How to complete this task: In the records below, the line with "2024 Super Treasure" opens the range and the line with "Rebajas por el" closes it; print that range exactly and nothing else.

Record extracts:
>>

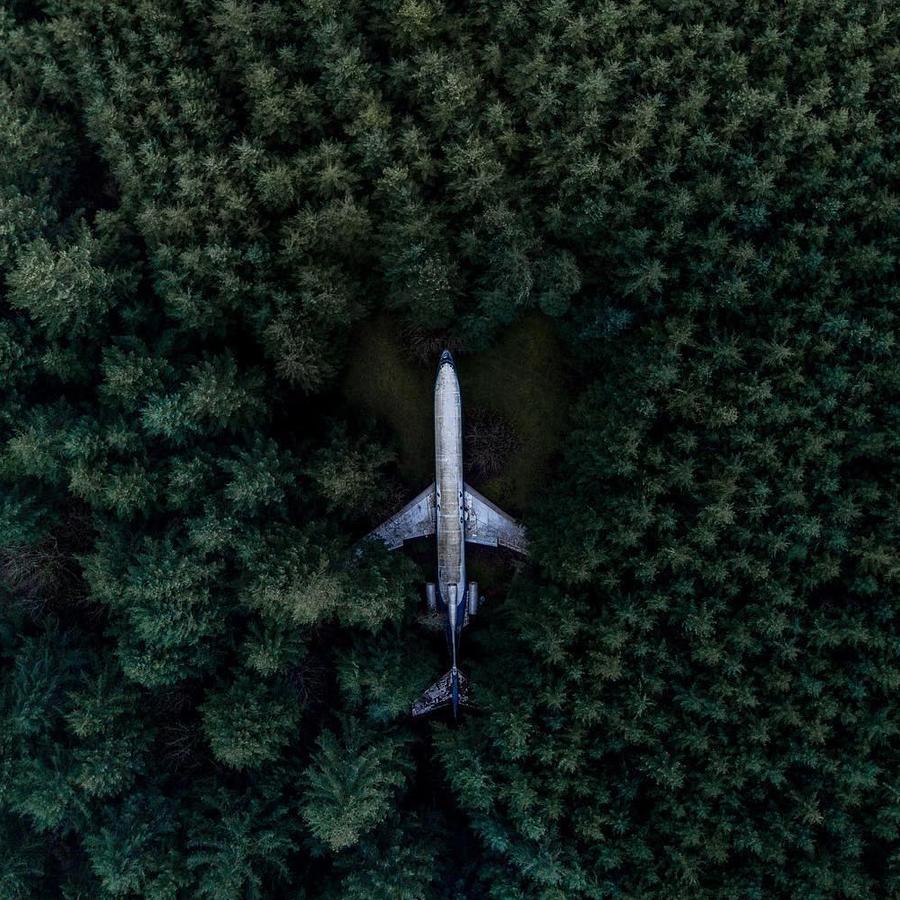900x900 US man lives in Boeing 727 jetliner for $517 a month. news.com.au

<<
>>

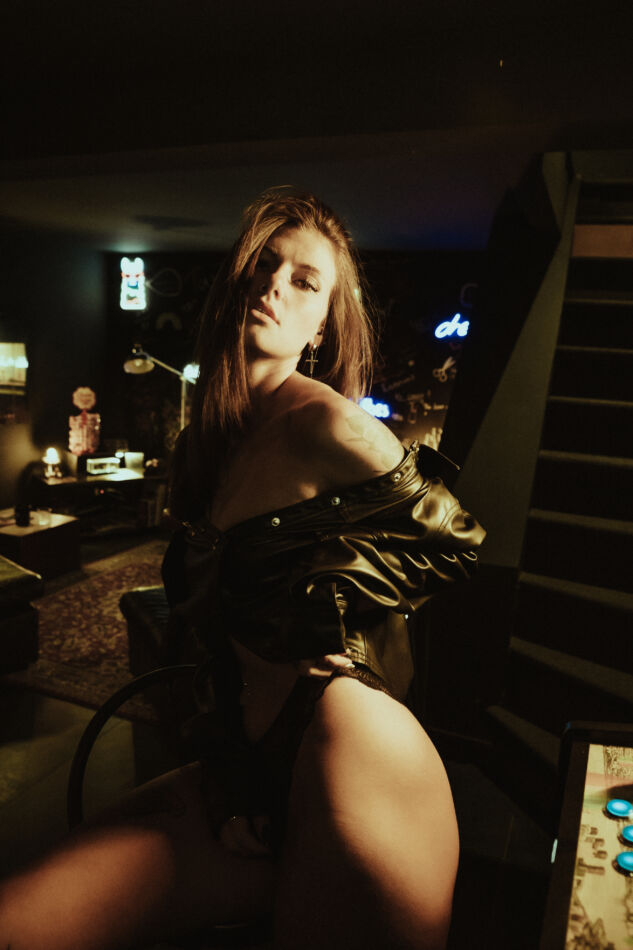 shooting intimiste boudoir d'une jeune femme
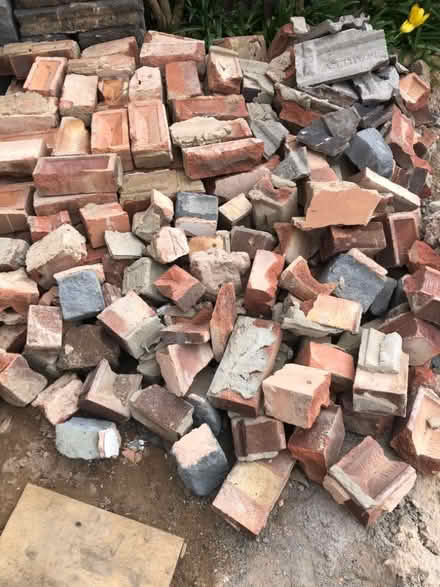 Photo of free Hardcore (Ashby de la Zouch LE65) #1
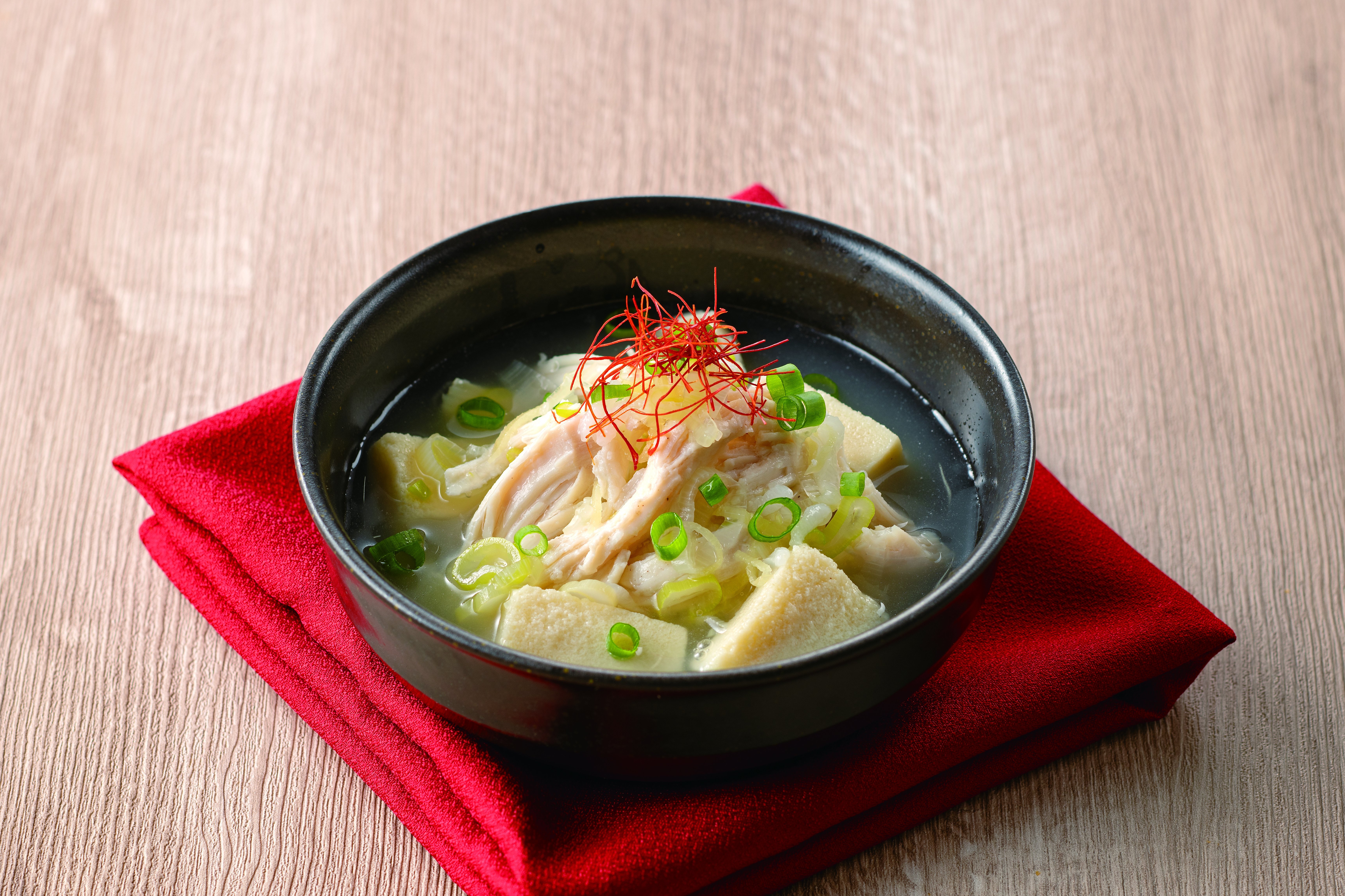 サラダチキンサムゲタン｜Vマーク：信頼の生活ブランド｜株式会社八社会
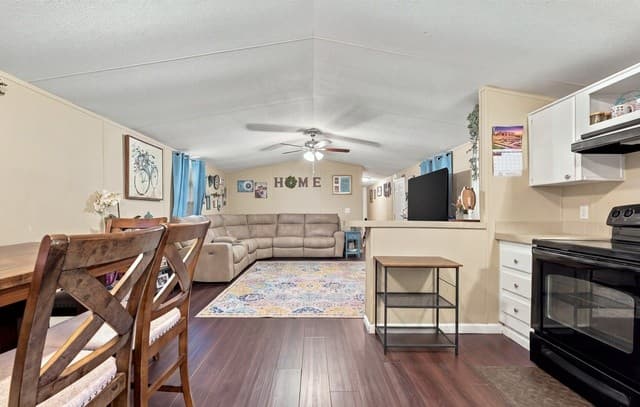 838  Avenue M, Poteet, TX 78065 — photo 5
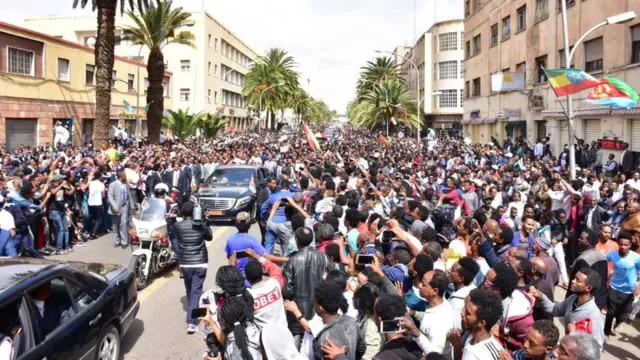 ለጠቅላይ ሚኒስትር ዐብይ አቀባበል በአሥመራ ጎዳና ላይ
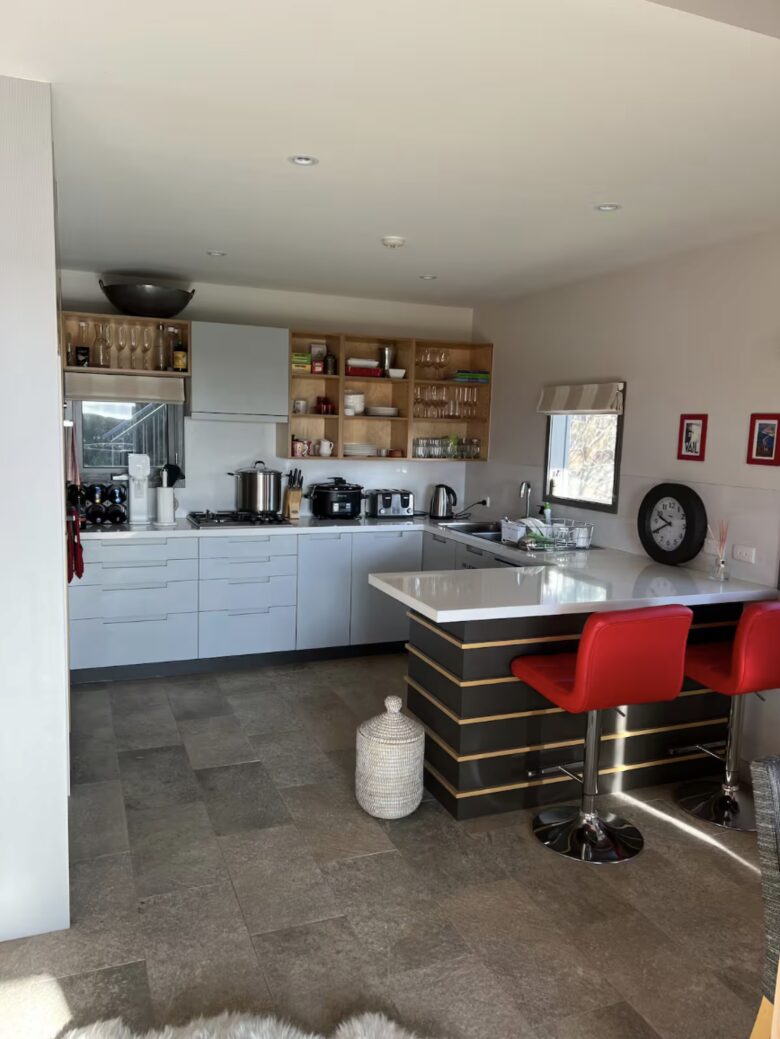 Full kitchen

<<
>>

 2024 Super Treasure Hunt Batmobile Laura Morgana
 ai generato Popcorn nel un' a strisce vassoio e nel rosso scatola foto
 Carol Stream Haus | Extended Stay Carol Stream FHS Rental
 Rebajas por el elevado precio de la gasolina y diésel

<<

Reply to the exercise:
 2024 Super Treasure Hunt Batmobile Laura Morgana
 ai generato Popcorn nel un' a strisce vassoio e nel rosso scatola foto
 Carol Stream Haus | Extended Stay Carol Stream FHS Rental
 Rebajas por el elevado precio de la gasolina y diésel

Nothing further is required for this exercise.